Dataset extract ▸
* * * *

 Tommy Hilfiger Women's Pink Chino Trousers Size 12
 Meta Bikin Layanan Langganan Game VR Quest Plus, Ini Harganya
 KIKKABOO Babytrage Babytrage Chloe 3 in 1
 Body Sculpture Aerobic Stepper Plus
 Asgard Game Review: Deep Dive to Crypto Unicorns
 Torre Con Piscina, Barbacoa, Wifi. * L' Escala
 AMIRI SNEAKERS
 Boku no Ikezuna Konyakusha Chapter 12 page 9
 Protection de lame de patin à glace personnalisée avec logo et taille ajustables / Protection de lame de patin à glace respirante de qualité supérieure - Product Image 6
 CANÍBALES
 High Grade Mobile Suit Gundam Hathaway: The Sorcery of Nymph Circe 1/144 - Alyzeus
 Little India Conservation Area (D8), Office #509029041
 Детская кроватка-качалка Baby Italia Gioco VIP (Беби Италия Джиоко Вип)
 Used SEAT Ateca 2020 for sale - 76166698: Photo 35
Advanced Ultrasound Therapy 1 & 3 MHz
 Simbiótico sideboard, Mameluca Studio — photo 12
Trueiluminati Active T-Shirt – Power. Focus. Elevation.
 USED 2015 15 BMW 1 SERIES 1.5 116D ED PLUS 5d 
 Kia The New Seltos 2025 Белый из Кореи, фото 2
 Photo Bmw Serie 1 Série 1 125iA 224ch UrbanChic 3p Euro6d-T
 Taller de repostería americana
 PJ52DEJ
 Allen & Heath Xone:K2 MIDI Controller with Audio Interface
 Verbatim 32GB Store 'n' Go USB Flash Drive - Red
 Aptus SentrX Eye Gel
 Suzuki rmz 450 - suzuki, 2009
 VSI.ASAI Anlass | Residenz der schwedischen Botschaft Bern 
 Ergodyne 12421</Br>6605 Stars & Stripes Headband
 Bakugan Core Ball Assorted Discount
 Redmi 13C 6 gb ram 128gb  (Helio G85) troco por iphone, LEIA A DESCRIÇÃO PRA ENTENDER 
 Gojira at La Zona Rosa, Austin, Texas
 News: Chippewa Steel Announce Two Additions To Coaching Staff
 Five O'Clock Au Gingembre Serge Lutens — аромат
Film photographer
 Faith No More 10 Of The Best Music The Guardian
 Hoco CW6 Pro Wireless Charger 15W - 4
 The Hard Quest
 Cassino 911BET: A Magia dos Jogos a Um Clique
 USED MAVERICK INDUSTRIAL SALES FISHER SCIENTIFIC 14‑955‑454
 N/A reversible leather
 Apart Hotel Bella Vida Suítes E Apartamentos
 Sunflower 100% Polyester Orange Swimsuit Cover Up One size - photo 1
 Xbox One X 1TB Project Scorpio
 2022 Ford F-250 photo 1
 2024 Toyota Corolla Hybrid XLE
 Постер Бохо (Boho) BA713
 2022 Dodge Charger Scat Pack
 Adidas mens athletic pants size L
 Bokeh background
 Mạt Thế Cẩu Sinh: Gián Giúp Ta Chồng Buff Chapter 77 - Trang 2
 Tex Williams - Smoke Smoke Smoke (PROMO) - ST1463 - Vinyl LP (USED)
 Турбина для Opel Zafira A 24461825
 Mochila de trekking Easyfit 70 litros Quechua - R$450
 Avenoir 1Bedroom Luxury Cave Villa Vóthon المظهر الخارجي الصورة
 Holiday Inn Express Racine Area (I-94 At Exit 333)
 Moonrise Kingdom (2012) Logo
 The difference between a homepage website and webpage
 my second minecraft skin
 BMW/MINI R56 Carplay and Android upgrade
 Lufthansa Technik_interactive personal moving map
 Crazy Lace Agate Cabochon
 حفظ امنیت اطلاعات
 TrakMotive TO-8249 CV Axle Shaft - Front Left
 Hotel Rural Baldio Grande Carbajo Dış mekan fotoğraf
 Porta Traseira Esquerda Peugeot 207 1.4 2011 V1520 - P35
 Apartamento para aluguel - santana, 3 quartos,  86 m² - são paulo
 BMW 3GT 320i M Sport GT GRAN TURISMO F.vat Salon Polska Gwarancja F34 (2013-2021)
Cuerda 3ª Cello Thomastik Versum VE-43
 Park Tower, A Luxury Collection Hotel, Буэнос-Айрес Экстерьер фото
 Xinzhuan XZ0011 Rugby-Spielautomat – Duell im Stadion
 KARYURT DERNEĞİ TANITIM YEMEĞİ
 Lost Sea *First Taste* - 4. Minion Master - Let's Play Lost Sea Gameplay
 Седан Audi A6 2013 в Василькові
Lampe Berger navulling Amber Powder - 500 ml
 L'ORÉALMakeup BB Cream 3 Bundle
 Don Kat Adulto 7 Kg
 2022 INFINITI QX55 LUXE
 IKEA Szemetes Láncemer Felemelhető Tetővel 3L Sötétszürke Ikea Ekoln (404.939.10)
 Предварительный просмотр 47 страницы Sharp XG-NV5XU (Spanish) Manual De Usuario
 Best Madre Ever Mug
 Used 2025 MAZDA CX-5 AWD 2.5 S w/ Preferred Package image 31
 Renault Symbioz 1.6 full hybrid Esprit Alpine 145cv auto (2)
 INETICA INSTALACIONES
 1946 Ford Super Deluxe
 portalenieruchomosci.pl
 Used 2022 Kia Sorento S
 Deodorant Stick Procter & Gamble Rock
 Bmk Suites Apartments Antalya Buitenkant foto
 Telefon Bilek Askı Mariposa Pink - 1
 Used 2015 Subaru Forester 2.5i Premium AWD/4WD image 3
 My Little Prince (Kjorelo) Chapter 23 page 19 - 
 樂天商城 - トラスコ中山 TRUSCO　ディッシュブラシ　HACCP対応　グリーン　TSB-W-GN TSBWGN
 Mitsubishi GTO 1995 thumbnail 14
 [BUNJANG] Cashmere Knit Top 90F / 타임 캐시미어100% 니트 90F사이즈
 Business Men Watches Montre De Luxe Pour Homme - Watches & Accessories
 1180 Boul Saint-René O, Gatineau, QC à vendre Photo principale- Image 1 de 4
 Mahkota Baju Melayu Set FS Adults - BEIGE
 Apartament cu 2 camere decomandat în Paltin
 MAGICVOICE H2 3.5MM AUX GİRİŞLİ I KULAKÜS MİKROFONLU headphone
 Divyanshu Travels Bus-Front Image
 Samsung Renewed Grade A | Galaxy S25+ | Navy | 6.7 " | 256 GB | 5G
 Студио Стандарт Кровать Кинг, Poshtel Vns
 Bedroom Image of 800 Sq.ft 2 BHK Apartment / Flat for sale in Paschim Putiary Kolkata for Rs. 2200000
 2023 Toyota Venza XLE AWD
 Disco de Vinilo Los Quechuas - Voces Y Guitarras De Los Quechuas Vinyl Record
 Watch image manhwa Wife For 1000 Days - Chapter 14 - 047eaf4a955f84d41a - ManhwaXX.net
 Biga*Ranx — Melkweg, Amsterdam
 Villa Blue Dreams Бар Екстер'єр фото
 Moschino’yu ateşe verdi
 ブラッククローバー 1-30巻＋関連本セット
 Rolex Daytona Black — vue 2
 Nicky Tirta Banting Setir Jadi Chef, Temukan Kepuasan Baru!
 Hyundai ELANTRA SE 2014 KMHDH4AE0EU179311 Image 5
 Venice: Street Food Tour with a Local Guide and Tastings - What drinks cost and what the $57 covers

* * * *

Print nothing but the lines from the one that contains "Bmk Suites Apartments" to the final line of the data, both included, exactly as they read.

Written solution ▸
 Bmk Suites Apartments Antalya Buitenkant foto
 Telefon Bilek Askı Mariposa Pink - 1
 Used 2015 Subaru Forester 2.5i Premium AWD/4WD image 3
 My Little Prince (Kjorelo) Chapter 23 page 19 - 
 樂天商城 - トラスコ中山 TRUSCO　ディッシュブラシ　HACCP対応　グリーン　TSB-W-GN TSBWGN
 Mitsubishi GTO 1995 thumbnail 14
 [BUNJANG] Cashmere Knit Top 90F / 타임 캐시미어100% 니트 90F사이즈
 Business Men Watches Montre De Luxe Pour Homme - Watches & Accessories
 1180 Boul Saint-René O, Gatineau, QC à vendre Photo principale- Image 1 de 4
 Mahkota Baju Melayu Set FS Adults - BEIGE
 Apartament cu 2 camere decomandat în Paltin
 MAGICVOICE H2 3.5MM AUX GİRİŞLİ I KULAKÜS MİKROFONLU headphone
 Divyanshu Travels Bus-Front Image
 Samsung Renewed Grade A | Galaxy S25+ | Navy | 6.7 " | 256 GB | 5G
 Студио Стандарт Кровать Кинг, Poshtel Vns
 Bedroom Image of 800 Sq.ft 2 BHK Apartment / Flat for sale in Paschim Putiary Kolkata for Rs. 2200000
 2023 Toyota Venza XLE AWD
 Disco de Vinilo Los Quechuas - Voces Y Guitarras De Los Quechuas Vinyl Record
 Watch image manhwa Wife For 1000 Days - Chapter 14 - 047eaf4a955f84d41a - ManhwaXX.net
 Biga*Ranx — Melkweg, Amsterdam
 Villa Blue Dreams Бар Екстер'єр фото
 Moschino’yu ateşe verdi
 ブラッククローバー 1-30巻＋関連本セット
 Rolex Daytona Black — vue 2
 Nicky Tirta Banting Setir Jadi Chef, Temukan Kepuasan Baru!
 Hyundai ELANTRA SE 2014 KMHDH4AE0EU179311 Image 5
 Venice: Street Food Tour with a Local Guide and Tastings - What drinks cost and what the $57 covers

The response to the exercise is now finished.